The AUD to USD exchange rate rose above 75 cents for only the second time since the end of July. At 12:50pm, the CPI or inflation data was released. It showed that prices in Australia are rising faster than previously forecasted. Here are some of the key points:
- Consumer prices rose 0.8 per cent during the September quarter (July, August and September).
- Prices are 3% higher than a year earlier.
- The increase was largely because of fuel which increased 7.1% and rising house prices which increased 3.3%.
Inflation, interest rates and the Australian dollar
Interest rates are one of the big drivers of Australian dollar. Right now, the Reserve Bank of Australia (RBA) has set the official cash interest rate at 0.1%. They have been this low for a year. The RBA cut interest rates when the pandemic hit back in March 2020 and then again in November of the same year.

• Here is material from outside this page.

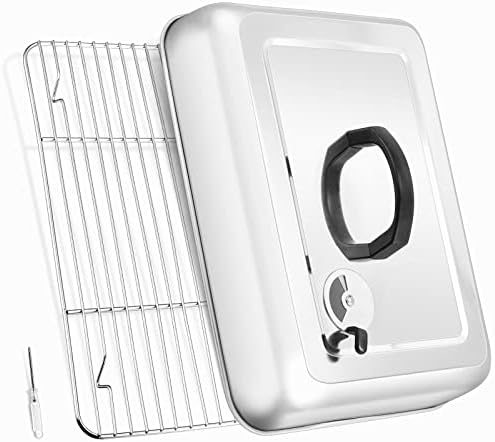Leonyo 13" Rectangular Basting Cover by Leonyo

The central bank has also committed to keeping interest rates this low until 2024. Contrast this to other countries like the UK and Norway where official interest rates are already on the rise.
If interest rates are low and staying low in Australia, but rising overseas, it pressures the Australian dollar lower. This is because investors looking for a return will take their money out of Australian dollar assets and move them to other countries with higher interest rates.
So why are interest rates heading up overseas? Most of it it comes down to inflation.
Interest rates across the world have a huge impact on interest rates which, in turn, changes the value of each currency and exchange rate.
So what's happening with inflation?
Well it's on the rise.
As economies around the world have opened back up from COVID induced lockdowns, a few problems are appearing. Firstly, there appears to be a global shortage of many goods and services. Everything from computer chips to space on container ships is suddenly in higher demand and shorter supply. The result is that prices increase.
Inflation changes interest rates because central banks aim for only moderate inflation. If inflation gets too high, then central banks tend to increase interest rates to cool prices down again.
The Outlook for the Australian dollar
While the AUD to USD exchange rate has fallen, it is forecasted to move higher in 2022. The 'Big 4" major Australian banks have lowered their AUD to USD forecasts by 5% in 2022, but they still expect exchange rates to range between 75 and 80 US cents.